I think in this case the "devil is in the detail". As you know with SQL the column projection is quite an important [hidden] factor. Have you tried the above queries by specifying which column the count() function should operate on? by specifying asterisk [all], SQL assumes you want to perform a count across the whole breadth of the table which in effect will cause it to read the full data row in turn producing more I/O. If you specify a single explicit column I think you will notice that it will then choose an index based on the column choice. e.g. if you were to choose a column not present in the unique index you will notice a key lookup take place further increasing the I/O.
when you are selecting a COUNT(*) the SQL Server will use the smallest non filtered index.
When you query COUNT() then it uses an index scan on the smallest index, which includes this column (except it is an non nullable column)
Counting rows in a table isn't a very good real world use case. I have never seen row counting in any real world production application. I have used row counting many times manually but all those times added together is about nothing as far as a server is concerned. And as others have pointed out, table statistics provide the ultimate speedy way to get row counts. Plus, even if it is slower, it still such a trivial operation compared with queries with a bunch of joins that it just doesn't matter. You're not making a good argument because your only example isn't realistic.

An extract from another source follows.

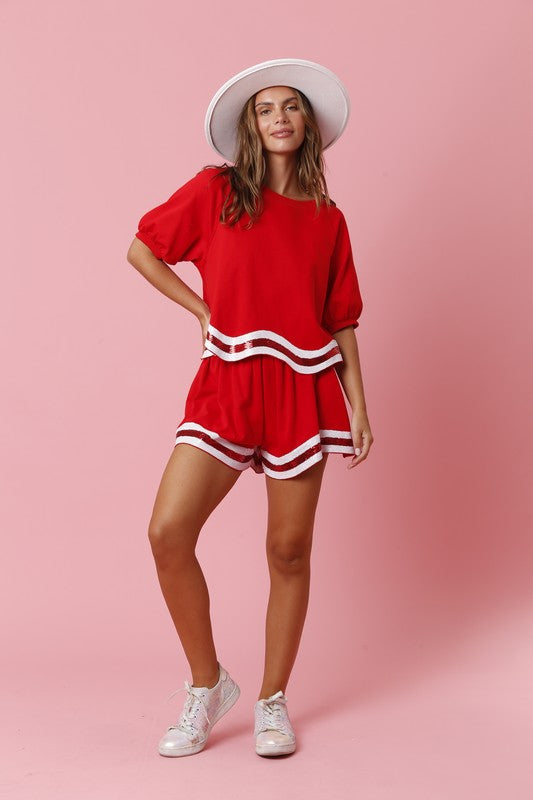 Sequin Stripe Shorts-shorts-Peach Love California-Red-Small-Inspired Wings Fashion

Stop thinking about counting rows. This is an obvious example because it requires reading all the rows, and it demonstrates the exact same problem that will happen in *any* scenario where you have to read a lot of rows. The non-clustered index will be faster, and will be better as long as it provides all the columns necessary for output, order, filtering, etc. And a clustered index will be no faster for things like point lookups, again, provided the non-clustered index with the same key covers and supports other query semantics. Joins as well. Basically anything where not all the columns in the table are needed, the clustered index is (almost always) wider, and certainly never skinnier, therefore requires more reads to support the same types of queries. Surely you can see beyond "count(*)" to see how this applies to many other types of queries where the optimizer can choose between a clustered index and a non-clustered index with the same key.